Speedfan is not as good as it once was, temp 1, 2, 3 could be anything or a phantom reading depending on how the motherboard is setup to use the winbond chip

Try HW Monitor see if list the CPU temp and GPU(video card) along with the voltages 12v 5v, 3.3v, if it does let it run in the background and play WOW then post the results.


----------



## Vasporran (May 29, 2011)

*Re: WOW Problem and shutdown*

I have downloaded and ran HW MONITOR it only shows two temperature readings which are "Assembly" and "Airflow". It doesn't seem to show anything else.

I have put a timer on the WOW shutdown and it occurrs between 10 and 20 minutes after loading the game.


----------



## Vasporran (May 29, 2011)

*Re: WOW Problem and shutdown*

oops, needs the pro version


----------



## Vasporran (May 29, 2011)

*Re: WOW Problem and shutdown*

Sorry my mistake, it records max and min temp for processsor and video card, also voltages etc. will leave it running and load WOW and see what happens, although, if WOW shuts the computer down, I may loose the data from HW monitor?


----------



## Vasporran (May 29, 2011)

*Re: WOW Problem and shutdown*

Ok so i ran WOW for a safe length of time and then came out before it shut the computer down.

The results from HW Monitor are as follows:-

IAN PC
-
DELL INC ORY007
-
Voltages
CPU VCore: 1.15V (value) 1.15V (min) 1.31V (max)
VIN1: 3.02V (value) 3.01V (min) 3.02V (max)
+3.3V: 3.36V (value) 3.34V (min) 3.36V (max)
+5V: 5.05V (value) 5.05V (min) 5.05V (max)
+12V: 11.97V (value) 11.90V (min) 11.97V (max)
+5V VCCH: 4.97V (value) 4.97V (min) 4.97V (max)
VBat: 3.18V (value) 3.18V (min) 3.18V (max)
-
Temperatures
THRM: 40C (103F) (value) 40C (103F) (min) 40C (103F) (max)
TMPIN0: 45C (112F) (value) 45C (112F) (min) 51C (123F) (max) 
TMPIN1: 39C (102F) (value) 39C (102F) (min) 39C (102F) (max)
-
Fans
FANIN0: 1704RPM (value) 1695RPM (min) 2089RPM (max)
FANIN2: 1603RPM (value) 1490RPM (min) 2051RPM (max)
-
Fans PWM
FANPWM0: 0% (value) 0% (min) 0% (max)
FANPWM1: 0% (value) 0% (min) 0% (max)
FANPWM2: 0% (value) 0% (min) 0% (max)

Intel Core 2 Duo E6550
-
Temperatures
CORE0: 45C (112F) (value) 45C (112F) (min) 52C (125F) (max)
CORE1: 45C (112F) (value) 45C (112F) (min) 55C (130F) (max)

ST3500630AS
-
Temperatures
Assembly: 49C (120F) (value) 49C (120F) (min) 50C (121F) (max)
Air flow: 49C (120F) (value) 49C (120F) (min) 50C (121F) (max)

ATI RADEON HD 2400XT
-
Temperatures
TMPIN0: 82C (179F) (value) 81C (177F) (min) 105C (220F) (max)

These are the results whilst WOW was loaded.


----------



## Wrench97 (May 10, 2008)

*Re: WOW Problem and shutdown*

The Video card is overheating try cleaning out the heatsink on the card with a can of compressed air available from office supply type stores as well as many other stores.


----------



## Vasporran (May 29, 2011)

*Re: WOW Problem and shutdown*

Just been told by my 12 year old that the same power failure occurs when playing Rogue Trooper, just takes longer to happen.

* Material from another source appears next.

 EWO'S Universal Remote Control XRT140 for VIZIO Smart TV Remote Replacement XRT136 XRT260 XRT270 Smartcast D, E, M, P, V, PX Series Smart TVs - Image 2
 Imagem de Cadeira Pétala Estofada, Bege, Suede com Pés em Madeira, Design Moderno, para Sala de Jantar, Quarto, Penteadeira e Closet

Kids! I did ask him already!!

I will try cleaning heatsink as you suggest.

Will be some time before I answer bacdk maybe 48 hours but will get back to you soon within that time period.


----------



## Vasporran (May 29, 2011)

*Re: WOW Problem and shutdown*

Eureka!

Well I hope so anyway.

Having never had the lid of my PC so to speak, I wasn't surprised to find that on removing the cover I was met with a sea of grey concentrated and condenssed dust. The main parts of the computer were not to bad, but the fans!

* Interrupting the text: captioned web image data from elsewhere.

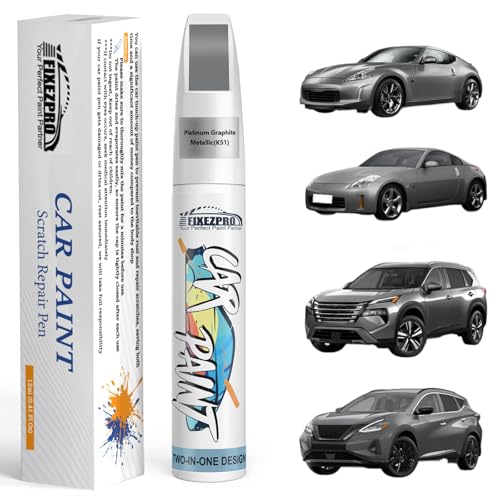 Image of K51 Platinum Graphite Metallic Touch Up Paint for Nissan, Exact Color Match Car Paint Scratch Repair Remover Pen Kit Quick & Easy Fix Vehicle Chips and Automotive Nicks Scuff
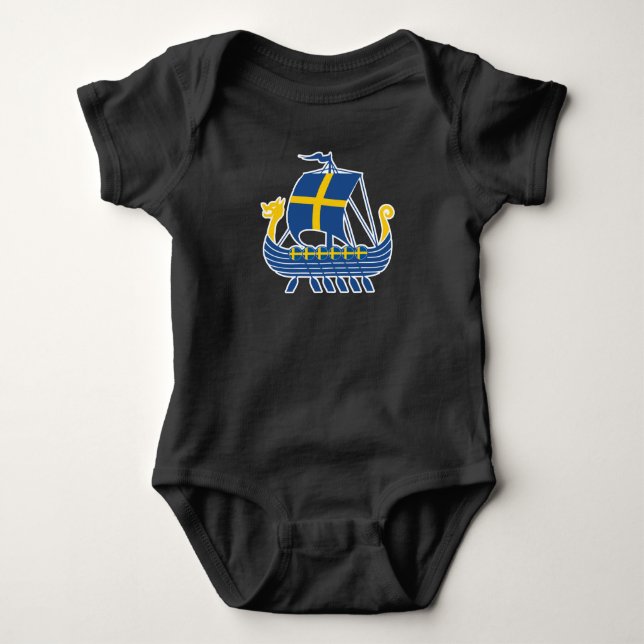 Sweden Viking Ship Gift Valhalla Swedish Viking Baby Bodysuit (Front)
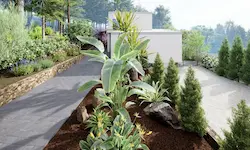 Garden path with Mediterranean plants in a sustainable landscape in Catalonia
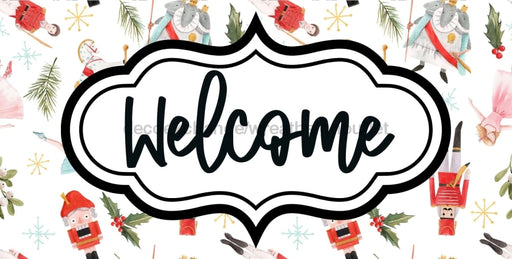 Christmas Welcome Sign Dco-00667 For Wreath 6X12 Metal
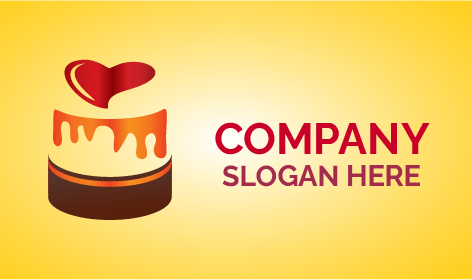 Logo della torta cuore caramello da sogno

My god, what a mess, the one on the side of the case (and this is where my complete lack of knowledge shows itself up) the stand alone one wasn't to bad, but the big one in the middle on top of the huge heatsink was pretty clogged up and I suspect this is the one that was responsable for the noisy running.

Well I had that one off and cleaned, put back on, also sucked out about a lorry load of dust from the slots in the heatsink itself.

Had a look at the Radeon graphics card, heatsink and onboard fan. Discovered the fan was not moving when power was applied, hence this may be why the graphics card was going sky high temperature wise.

Managed to remove must of the dust and gunk from the fan and the heatsink and it now operates with a slight grind, but at least its turning.

The computer is back almost to the silent running performance when I first took it out the box so many years ago.

Have played WOW (not long enough though to check for a power failure) just long enough to capture temperature reading using the HW Monitor and it's showing a respectable 60C (value), 52C (min) and 65C (max), much better than the 80C+ and 100C+ it was before.

I'll leave WOW running for a while and see if thats stopped the shutdown problem.

I'll come back on if it hasn't, otherwise thanks for all your words of wisdom, guys and for pointing me in the right direction so far.


----------



## Wrench97 (May 10, 2008)

*Re: WOW Problem and shutdown*

Just to clarify, did you remove the fan from the heatsink or the heatsink and fan from the CPU 


> but the big one in the middle on top of the huge heatsink was pretty clogged up and I suspect this is the one that was responsable for the noisy running.
> 
> Well I had that one off and cleaned, put back on,


----------



## Vasporran (May 29, 2011)

*Re: WOW Problem and shutdown*

Just the fan from the heatsink and then vacummed the heatsink and cleaned the fan.


----------



## Wrench97 (May 10, 2008)

*Re: WOW Problem and shutdown*

Good deal let us know how it goes, but the video card fan will be an issue at some point.


----------



## Vasporran (May 29, 2011)

*Re: WOW Problem and shutdown*

My son has played WOW for a couple of hours whilst I was at work, with no shutdown problems. 

I've also left the HW monitor running in the background all day and the hottest the video card got was 78C.

So overall a success!!

Thanks for all your help.

P.s. temperatures overall including the cores and other areas montitored by HW are all down by at least 5 degrees. 

So a happy PC all round.


----------



## Wrench97 (May 10, 2008)

*Re: WOW Problem and shutdown*

Good to hear that took card of it


----------